Starting with the line containing "ماسک مو دو فاز" and going on through the line containing "SUPRIMO 6116 keyboard", return the lines of the data below exactly, and only those.

▸ Extracted data

* * * * *

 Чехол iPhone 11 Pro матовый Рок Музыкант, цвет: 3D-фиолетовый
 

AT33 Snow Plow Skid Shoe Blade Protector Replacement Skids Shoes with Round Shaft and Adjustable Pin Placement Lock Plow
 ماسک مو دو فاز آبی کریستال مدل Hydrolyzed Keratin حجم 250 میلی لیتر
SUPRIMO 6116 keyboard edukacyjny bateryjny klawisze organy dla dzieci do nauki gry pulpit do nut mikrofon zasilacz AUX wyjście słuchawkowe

* * * * *

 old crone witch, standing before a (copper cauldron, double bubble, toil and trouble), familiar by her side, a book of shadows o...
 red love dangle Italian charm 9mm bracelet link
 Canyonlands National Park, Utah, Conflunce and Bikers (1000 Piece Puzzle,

* * * * *

▸ Solved exercise
 ماسک مو دو فاز آبی کریستال مدل Hydrolyzed Keratin حجم 250 میلی لیتر
SUPRIMO 6116 keyboard edukacyjny bateryjny klawisze organy dla dzieci do nauki gry pulpit do nut mikrofon zasilacz AUX wyjście słuchawkowe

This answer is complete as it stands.